Assume I have some array $a$ of length $n$.

If I place the elements contained in the array $a$ into a $\sqrt{n} \times \sqrt{n}$ matrix, then every row "intersects" with every column. That is, I cannot pick a row s.t. it will not intersect with all columns. In addition, I can "reach" each element in the matrix via a column and via a row vector. The row/column length is $\sqrt{n}$.

I'm not sure how to state this problem in more general terms or what would be a related field of research. Basically I am trying to find two sets $A$, $B$ of vectors/objects such that it holds that each element from $A$ intersects with all vectors from $B$ and in addition each element from $a$ should appear at least once in each set.
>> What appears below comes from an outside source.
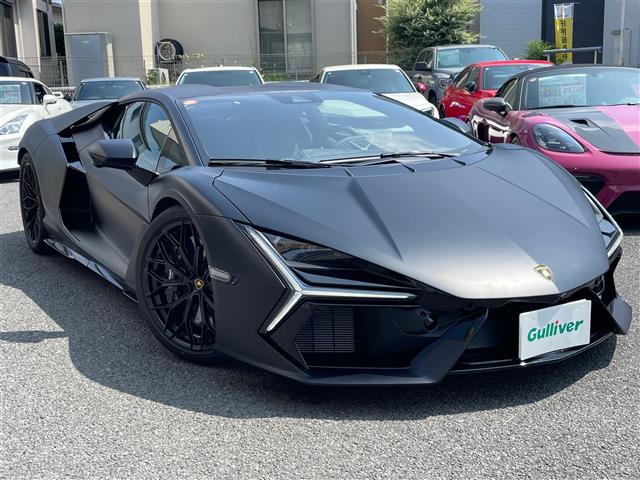 LAMBORGHINI REVUELTO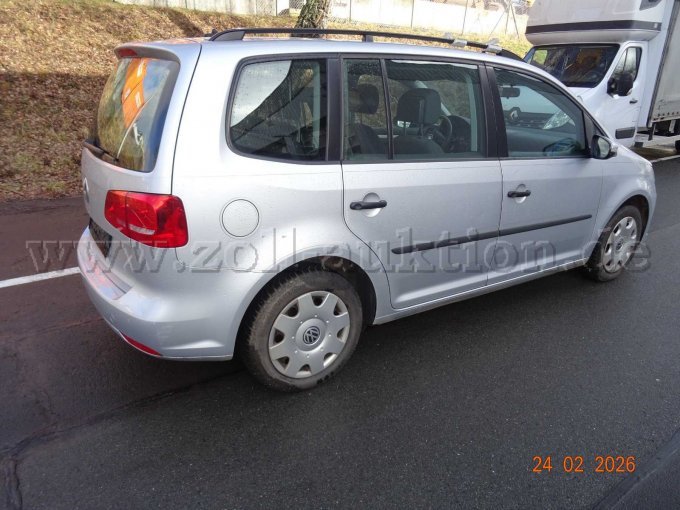 seitlich rechts hinten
I was wondering whether the objects can be made even smaller by increasing the dimension to something bigger than 2. For instance, for dimension 3 I could have one set of planes and one set of orthogonal vectors. For these two sets it holds that every element from one set will intersect with every element from the other set. However, when placing the elements from the array $a$ into such a 3 dimensional cube, I would have planes that are composed of $\sqrt{n} \cdot \sqrt{n}$ elements and $\sqrt{n}$ sized vectors. Here, the sum of two objects from these two sets is bigger than in the matrix example.
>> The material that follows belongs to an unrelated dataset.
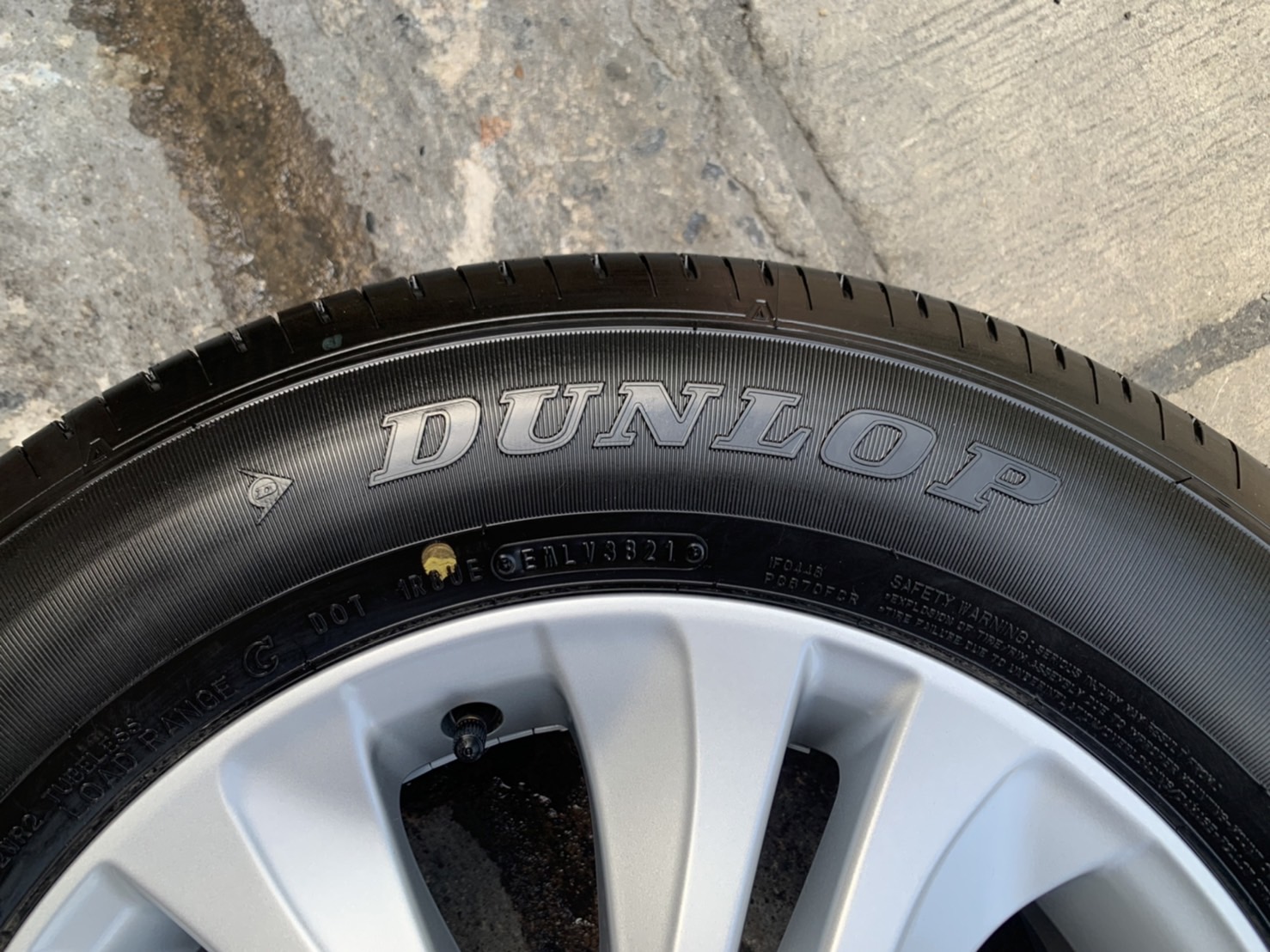 ล้อแม็กป้ายแดง 5รู114 Toyota Revo ขอบ 16 พร้อมยางป้ายแดง 215-65-16 Dunlop ปลายปี 21 ล้อแม็กป้ายแดง 5รู114 Toyota Revo ขอบ 16 พร้อมยางป้ายแดง 215-65-16 Dunlop ปลายปี 21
I would like to minimize the total size of objects, one from each set for a given dimension. What would be a related field of study to look at? Is dimension 2, i.e., the matrix already the best possible solution? If so, how would I show that?
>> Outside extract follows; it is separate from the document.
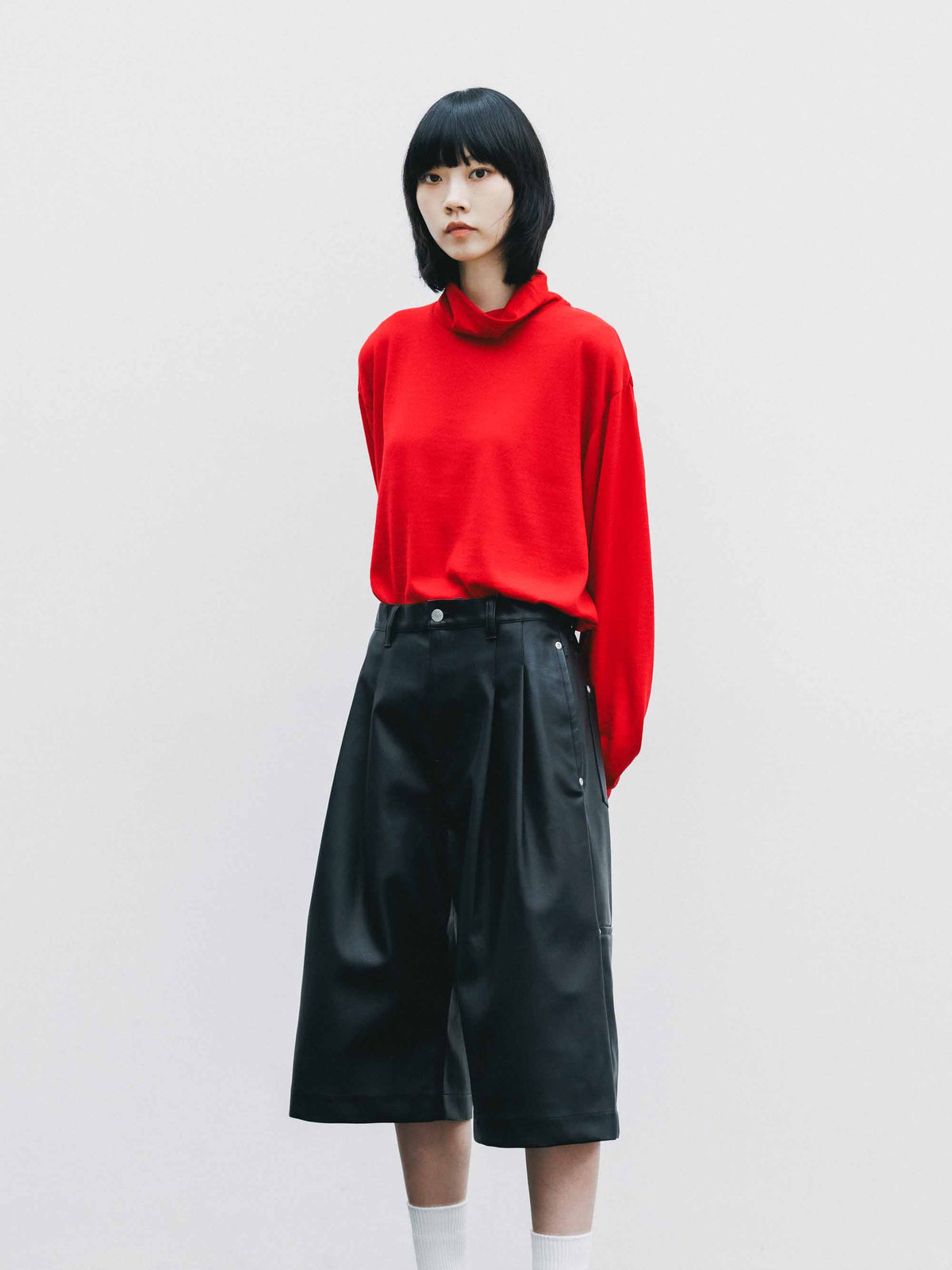 【9.16 WED 20:00- IN STOCK】SYNTHETIC SKIN-TEX CITY BAGGY HALF PANTS (BLACK)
• I don't understand your question. Do you want two partitions of an $n$ element set such that each part from one partition intersects each part from the other partition? Then $\sqrt n$ is indeed best possible. – domotorp Sep 1 '16 at 9:05
• Yes that is pretty much it. How can I see that $\sqrt{n}$ is optimal? – simsim Sep 1 '16 at 9:06
• This is really not a research level question. I recommend you ask on some other forum, or look here and figure it out: en.wikipedia.org/wiki/Young_tableau – domotorp Sep 1 '16 at 16:37

If I understand right, you are interested in finite projective planes. These are the maximum combinatoric set systems in which all sets intersect each other exactly once. To briefly answer your question, you can "improve" your construction by getting up to $\Omega(n)$ sets of size $\Omega(n^{1/2})$ and still enforcing the property that any two sets intersect on exactly one element (note: this only works for certain $n$, e.g. $n$ = square of a prime).
I assume you have some unstated restriction on your sets that rules out the construction $\{1, 2\}, \{1, 3\}, \{1, 4\} ...$ in which case your sets have size two but all pairs intersect on exactly one element?